Mayan Cocoa from Guatemala

100% Pure Ceremonial Grade Cocoa, from the native Mayan Q’eqchi families.

This ceremonial grade cocoa is grown and harvested by native Q’eqchi’ Mayan families, many in the highlands of Guatemala around Laguna Lachuá, a beautiful cenote.

The Mayans have cultivated cocoa for thousands of years in perfect harmony along with honey, cardamom and corn.

The indigenous Q’eqchi’ communities have been the guardians of the sacredness of cocoa and have preserved the ancestral ceremonies of fire and cocoa for thousands of years.


Type: Ceremonial Grade Cocoa.

Ingredients: Ceremonial Grade Cocoa, Cayenne Pepper, Ceylon Cinnamon and Vanilla.

Origin: Mayan tribes of southern Belize.

Presentation: Cocoa block.

Size: 500 grams.

Storage: Store in a cool, dry place away from direct sunlight.


Q’eqchi’ cocoa

Kakaw is an ancient drink of the Q’eqchi’ Mayan people, which is used in many Mayan ceremonies.

In the mountainous Alta Verapaz region of Guatemala, indigenous Q’eqchi farmers grow some of the best cocoa in the world.

In the Lachuá Ecoregion, there is a beautiful lagoon considered a National Park since 1976: the Lachuá Lagoon, around which numerous Mayan Q’eqchi’ families live, mainly dedicated to the cultivation of cocoa.

Q’eqchi’ native village

Q’eqchi’ is a Mayan people that still exists in Guatemala. They settled around some hills near the Chixoy and Polochic rivers in approximately 600 BC, and had contact with ancient civilizations such as the Pipil, Toltec, Chichimeca and the great Mayan cities.

Until the arrival of the Spanish, they were governed by chiefs who in turn depended on a great lord chosen by all the principals.

Archaeological sites with signs of jateado stone construction are Chajkar, Chimax, Chinama, Ku’k’uch in Chinapetén and behind the Calvary of San Pedro Carchá. The Calvary of Cobán is one of the most important Mayan ceremonial centers.

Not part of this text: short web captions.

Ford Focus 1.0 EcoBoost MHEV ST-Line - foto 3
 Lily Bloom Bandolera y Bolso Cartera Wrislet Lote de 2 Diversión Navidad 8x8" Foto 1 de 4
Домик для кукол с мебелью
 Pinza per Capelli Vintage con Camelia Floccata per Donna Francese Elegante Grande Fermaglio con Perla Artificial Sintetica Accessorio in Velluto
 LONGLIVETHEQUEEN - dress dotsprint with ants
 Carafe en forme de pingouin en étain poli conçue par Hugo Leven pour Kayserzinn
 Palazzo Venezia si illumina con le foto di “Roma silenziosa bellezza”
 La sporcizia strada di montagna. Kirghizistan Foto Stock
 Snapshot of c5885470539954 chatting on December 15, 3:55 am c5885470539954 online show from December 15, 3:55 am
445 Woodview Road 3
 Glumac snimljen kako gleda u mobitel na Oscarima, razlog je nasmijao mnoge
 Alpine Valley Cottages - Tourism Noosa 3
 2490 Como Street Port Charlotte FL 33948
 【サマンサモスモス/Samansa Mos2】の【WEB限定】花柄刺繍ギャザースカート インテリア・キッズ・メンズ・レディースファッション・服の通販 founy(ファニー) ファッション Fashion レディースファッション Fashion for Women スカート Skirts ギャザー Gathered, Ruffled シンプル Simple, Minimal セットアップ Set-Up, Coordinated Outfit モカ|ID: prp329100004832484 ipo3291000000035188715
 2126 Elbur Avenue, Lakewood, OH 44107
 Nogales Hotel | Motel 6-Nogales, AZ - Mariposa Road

The main economic activity is represented by agriculture; Corn and beans are planted, which constitute the family food, complemented by the raising of birds, pigs and other domestic animals.

His name is spelled Kekchí (according to current spelling), or Q’eqchi’ (according to ancient spelling).

Mopán native village

The Mopán people are one of the Mayan towns in Belize and Guatemala in the department of Petén. Their indigenous language is also called Mopán, and it is one of the Yucatecan Mayan languages from Mexico, considered a language in danger of extinction.

Their diet is based on corn, from which a large number of their traditional recipes are derived: nuk (bun), tait (corn tamale), k’a k’aan ek’en (smoked cell thistle), chu’ uk wa (sweet toast).

The Mopán community specializes in fabric embroidery, with which they make shirts, blouses, bags, brush holders, tablecloths and slipcovers. Dacron fabric, wool and thread are used to create embroidery.

The Mopán language is part of the Mayan language family from Mexico. Although it has suffered a decline due to the influence of Spanish and English, it is still spoken in many Mopan communities. Some common words in Mopán include “K’iche’” (forest), “No’j” (wisdom) and “Tz’ikin” (bird). The preservation of their language is seen as a crucial component for the survival of their culture.

Currently, the Mopán face numerous challenges, including the preservation of their culture and lands in the face of modernization and globalization, keeping their traditions and language alive, adapting to changes without losing their essence.

The Mopán worldview understands the world as an interconnected entity where each element, whether human, animal or natural, has a vital role. This worldview influences all aspects of their lives, from agriculture to social relationships.